Inaccurate wildfire data may stifle

Inaccurate wildfire data may stifle
response plans

15 May 2016

published by

Zimbabwe — CONFLICTING data on wildfires in Zimbabwe will have key implications for bio-diversity

conservation now and in the future, and potentially undercut effective action that minimises the

impact of uncontrolled fires on local climates.

Figures on land cover decimated by fire are vastly divergent, never linear.

Although official data shows veld fires burnt down 1,5 million hectares of forest and grasslands in

2015, down 10 percent from a year earlier, independent estimates are more damning.

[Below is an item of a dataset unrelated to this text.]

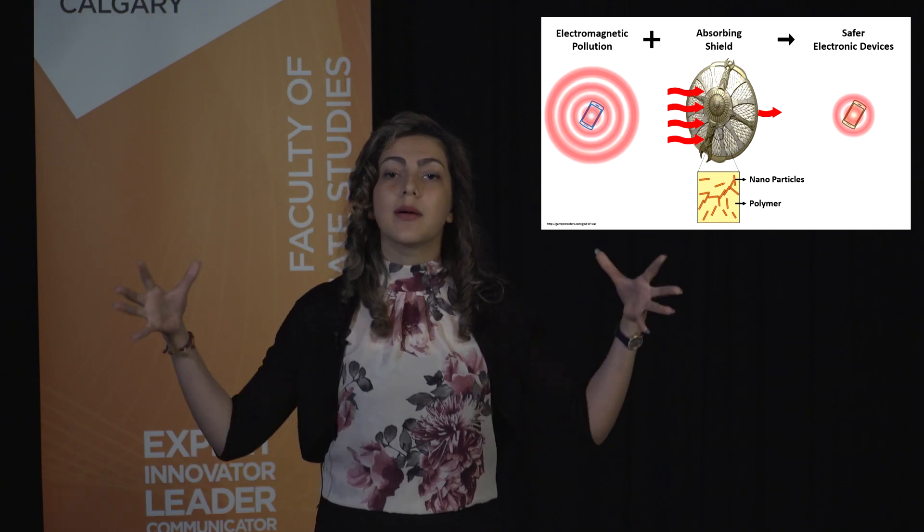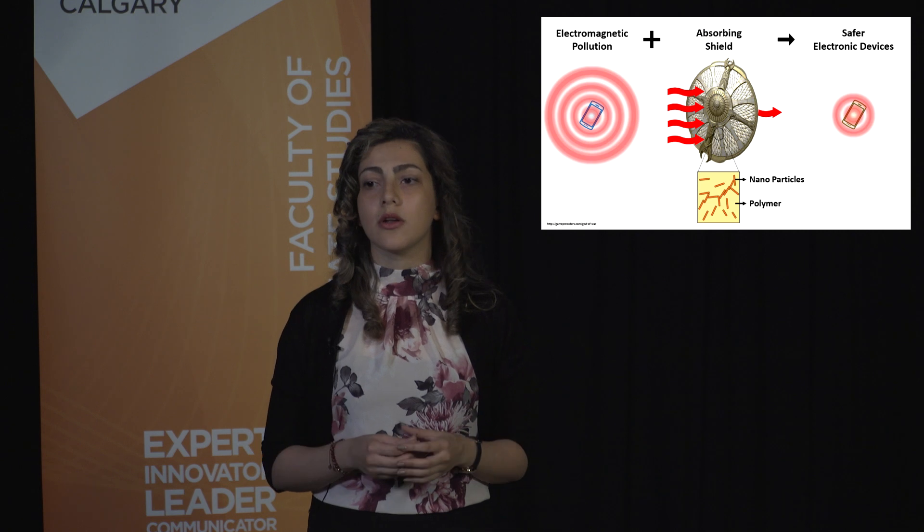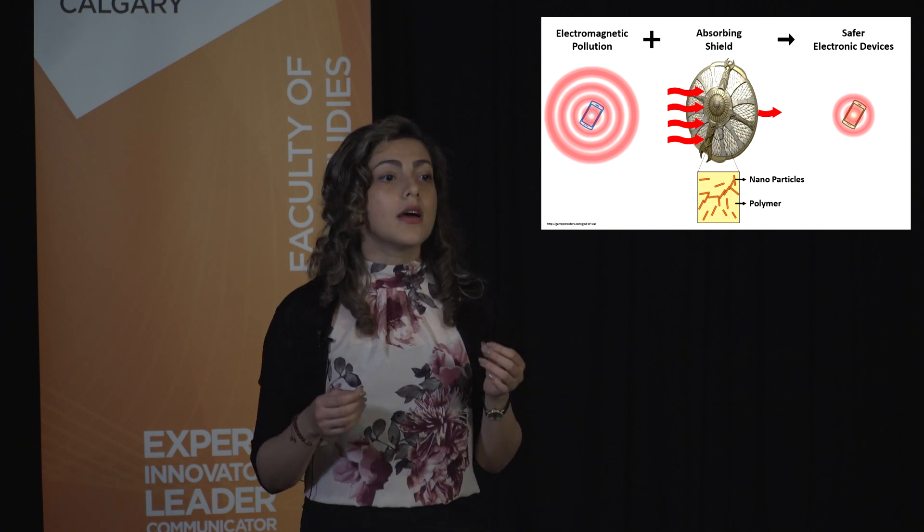They also have the ability to absorb these electromagnetic waves. So, what are these polymer nanocomposites? Polymer nanocomposites consist of polymer — the same material as that chair you are sitting on — with some small conductive nanoparticles which are located properly inside.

Some 3,2 million hectares of land cover were destroyed during the first nine months of 2015 alone,

they contend.

Wildfires are a major driver of change in land use patterns, altering the forest cover, plant and

animal composition, as well as weaken the country’s capabilities to function effectively as a storer of

carbon. With 45 percent of the total land area under forests, and accounting for just 0,05 percent

of the global greenhouse gas emissions total, Zimbabwe is considered a net carbon sink, according

to the Environment, Water and Climate Ministry.

Now, questions are beginning to emerge over the accuracy, and therefore reliability, of the official

data on wild fires published every now and then, especially during the so-called fire season (July to

October) by environment regulator, the Environment Management Agency (EMA).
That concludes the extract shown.